The baptismal service was held in the Relief Society room. On the wall was posted:
1. A laminated poster of a clown holding a big bunch of balloons, on each of which was written a Relief Society member's name with a birthday that month. It was obviously made for an elementary school classroom.
2. The Relief Society Declaration. I believe it was a creed dedicating themselves to supporting their men and baking their own bread.
3. This notice:

Relief Society Activity Thursday
6 p.m. - Pot Luck Appetizers
7 p.m. - Wheat Class and/or Temple Craft

Uhh...wheat class?

We were a little late getting started because my brother-in-law forget to bring a dry pair of Temple Underwear to the church. So after he baptized Mother he wouldn't be able to get dressed in dry clothes. My sister had to run back to mom's and pick up an extra pair. Because god forbid clothing that wasn't blessed by the Prophet should touch his genital areas.

The service itself included a capella singing of Primary songs by my 12-year-old niece, an opening prayer by my 10-year-old nephew, a talk on baptism by my sister and the complete dunking of my mother by my brother-in-law. Then one of the missionaries gave a talk on the Gift Of The Holy Ghost and several of the priesthood holders gathered around mother and laid their hands upon her wet head and bestowed upon her the Gift Of The Holy Ghost. And just like that, she's in like Flynn.

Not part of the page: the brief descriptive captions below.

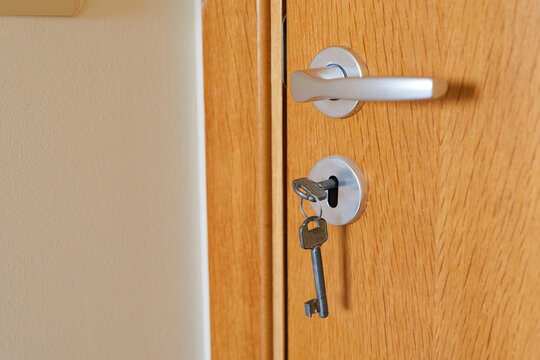 Close-up of metal keys inserted in the lock of a closed light wooden door in an apartment or hotel room.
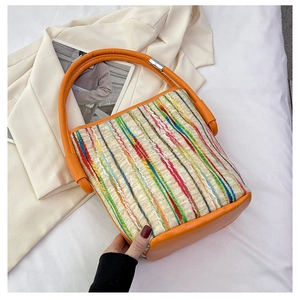Détail du sac cabas tissé à rayures avec poignées rondes en cuir orange et accents argentés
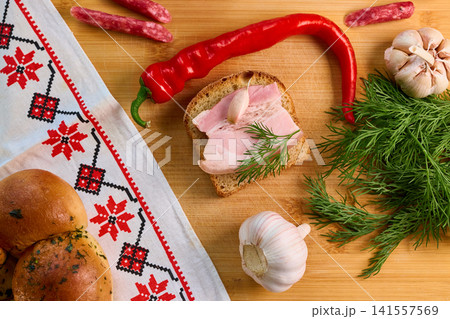 Traditional Ukrainian Feast Composition with Salo, Pampushky, and Spices 141557569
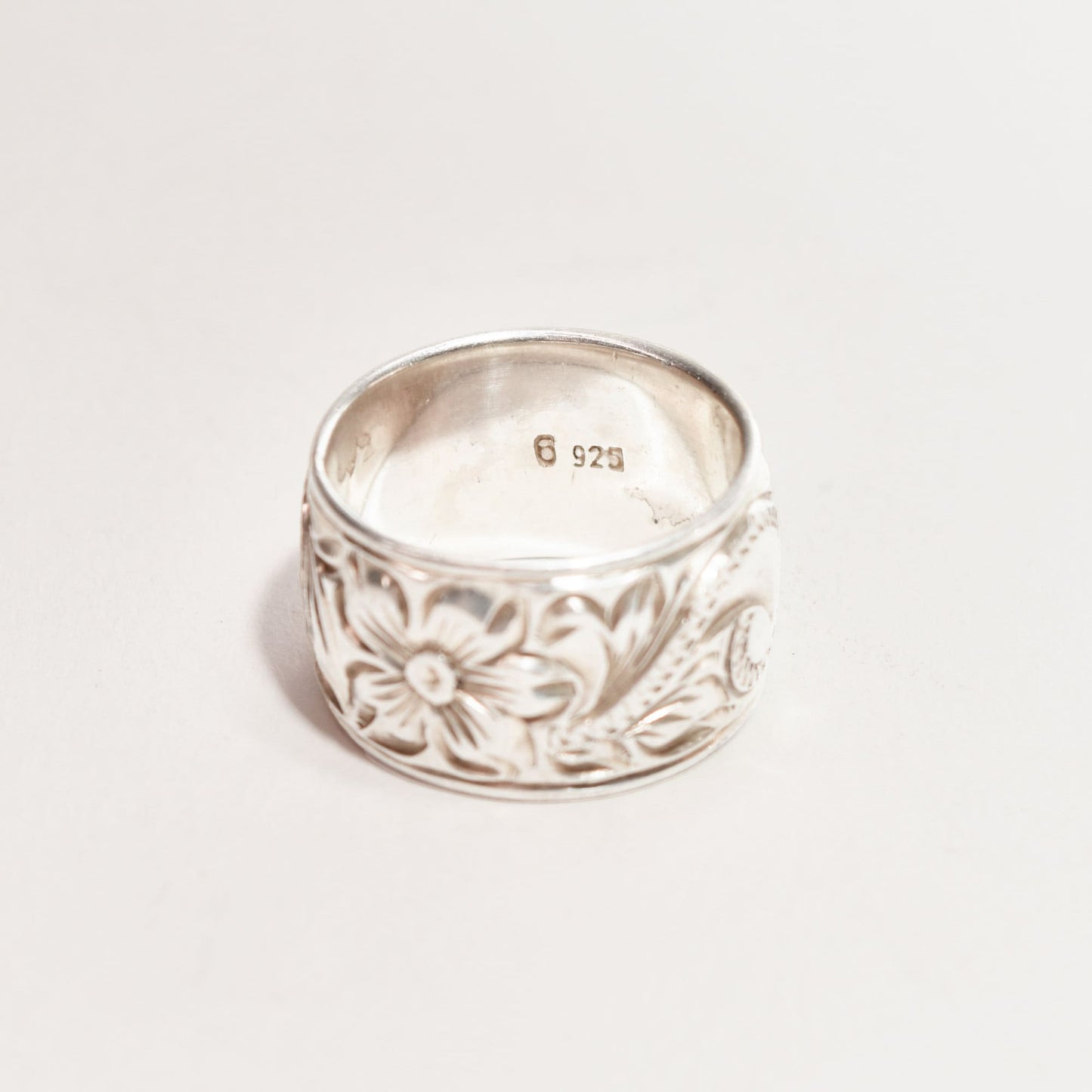 Floral engraved sterling silver band ring, 11.5mm wide with Art Nouveau revival style, showing size 6 US hallmark on inner surface against a white background.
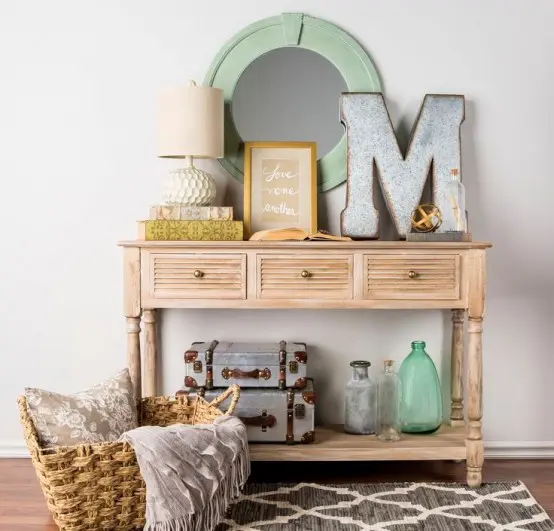 a cozy vintage meets rustic entryway with a woodne console, some metal suitcases, a metal monogram and a basket for storage
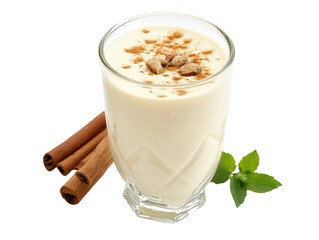 Creamy beverage served in a glass with spices and nuts on a transparent background, cut out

It's hard to tell the difference between the prayers and the talks in the Mormon church because they end everything with "In the name of Jesus Christ, Amen." It's very confusing for the newcomer because you're constantly asking yourself, "Wait, were we just praying?"

Afterwards, everyone (including at least 16 pairs of missionaries) came over to Mother's house for food and fellowship. The neighbors probably thought there'd been a funeral what with all the men in dark suits arriving. Inside, the church members would ask me, "So, you're Sister P.'s daughter?" And I would say, "Yes, I'm the one who lives here in town." even though I was thinking - as were the great Brothers and Sisters, I'm sure - "Yes, I'm the one who is NOT a church member."

Several clean-cut, 19-year-old boys (all of whom go by the first name "Elder") kept asking me, "Now, do you go to church somewhere?" Here I was in a skirt much, much too short to wear temple underwear with, and all they wanted to prey on was my SOUL.

At one point, my niece tried to proselytize me, saying that she highly recommended that I return to church as soon as possible, since someone (I'm not sure who she said - maybe her mother? Maybe herself?) would be going to do my Temple Work for me and then I would be baptized whether I liked it or not. Or something. I simply thumped her on the head in response.

Later, my nephew tried to goad me into a political discussion - this child who's been raised on US Army bases - by saying that of course Bush should have entered into a war in Iraq. What would you do if someone crashed a plane in YOUR backyard?? But I responded with a half-ass smile. And a thump on the head. I refuse to engage in a political discussion with a TEN-YEAR-OLD.

They let yoy in the temple? How's that work? I had to wait outside in June in Humid Houston when my brother's sister got married since we weren't allowed inside the temple. I'm so curious, but can't ask her questions or she'll be on to how nutty I think the whole thing is.

nope, only church members can go in. And even they have all these restrictions, like you have to be a member for over a year, and you have to be a member in good standing, as determined by your Bishop.

I think it's all pretty nutty too. Especially after going to some web sites that tell all the details of the sacred and secret ceremonies that go on in there. Wacko.

Paris Hilton wears an 11.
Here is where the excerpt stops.